Here are the steps to configure Delta Lake on Azure Data Lake Storage Gen1.

  1. Configure LogStore implementation.

    Set the spark.delta.logStore.class Spark configuration property:

    spark.delta.logStore.class=org.apache.spark.sql.delta.storage.AzureLogStore
    
  2. Include hadoop-azure-datalake JAR in the classpath. See the requirements above for version details.

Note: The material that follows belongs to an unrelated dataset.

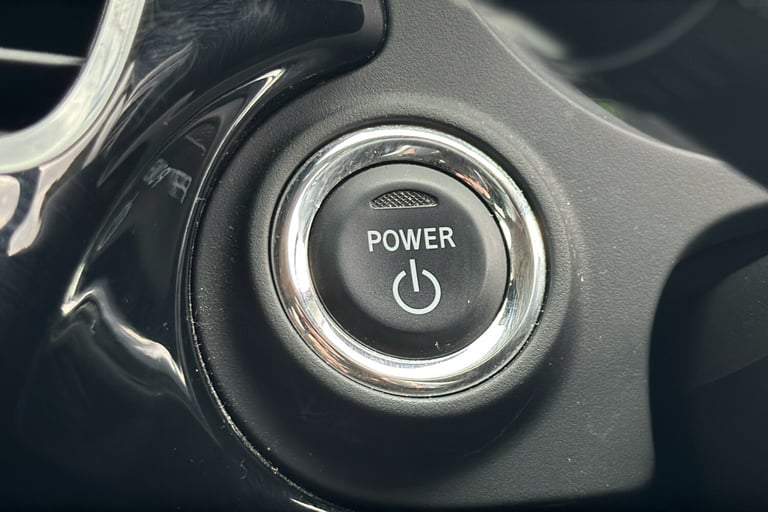  Mitsubishi Outlander PHEV 2.0h 12kwh 4hs Suv 5dr Petrol Plug In Hybrid CVT 4wd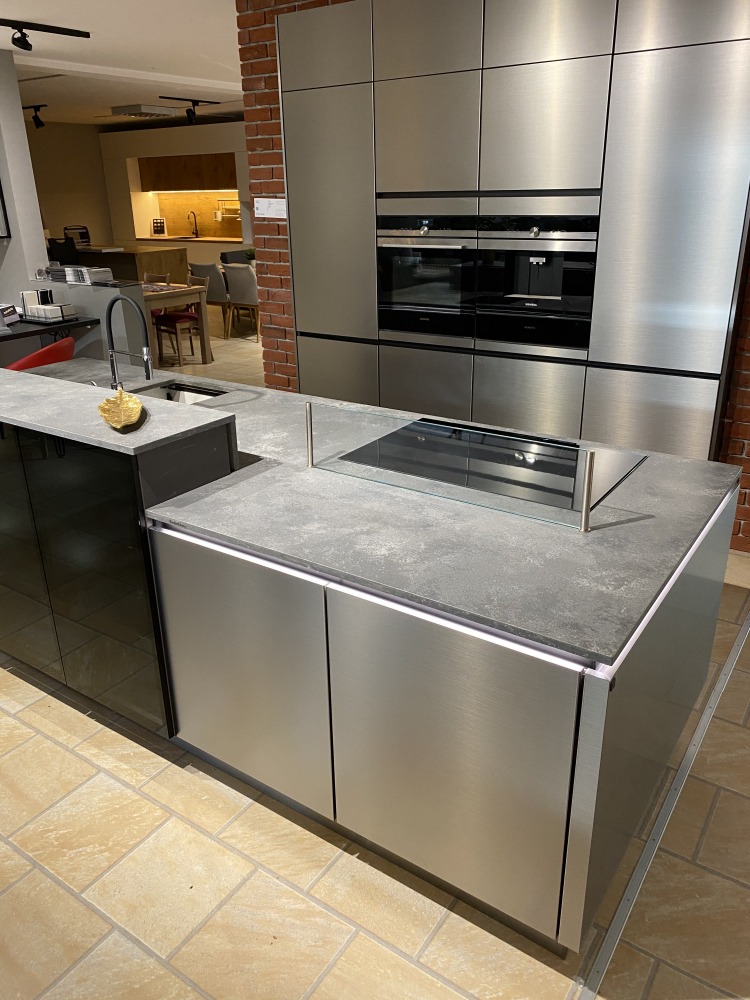 Küchenarbeitsplatte aus Konglomerat nach Maß, Schwarz – Technistone Residente Dark - terra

In addition, you may also have to include JARs for maven artifacts hadoop-azure and wildfly-openssl.

  3. Set up Azure Data Lake Storage Gen2 credentials.

     spark.conf.set("fs.azure.account.auth.type.<storage-account-name>.dfs.core.windows.net", "OAuth")
     spark.conf.set("fs.azure.account.oauth.provider.type.<storage-account-name>.dfs.core.windows.net",  "org.apache.hadoop.fs.azurebfs.oauth2.ClientCredsTokenProvider")
     spark.conf.set("fs.azure.account.oauth2.client.id.<storage-account-name>.dfs.core.windows.net", "<application-id>")
     spark.conf.set("fs.azure.account.oauth2.client.secret.<storage-account-name>.dfs.core.windows.net","<password>")
     spark.conf.set("fs.azure.account.oauth2.client.endpoint.<storage-account-name>.dfs.core.windows.net", "https://login.microsoftonline.com/<directory-id>/oauth2/token")
    

    where <storage-account-name>, <application-id>, <directory-id> and <password> are details of the service principal we set as requirements earlier.

  4. Initialize the file system if needed

spark.conf.set("fs.azure.createRemoteFileSystemDuringInitialization", "true")
dbutils.fs.ls("abfss://<container-name>@<storage-account-name>.dfs.core.windows.net/")
spark.conf.set("fs.azure.createRemoteFileSystemDuringInitialization", "false")

Usage

spark.range(5).write.format("delta").save("abfss://<container-name>@<storage-account-name>.dfs.core.windows.net/<path-to-delta-table>")

spark.read.format("delta").load("abfss://<container-name>@<storage-account-name>.dfs.core.windows.net/<path-to-delta-table>")

where <container-name> is the file system name under the container.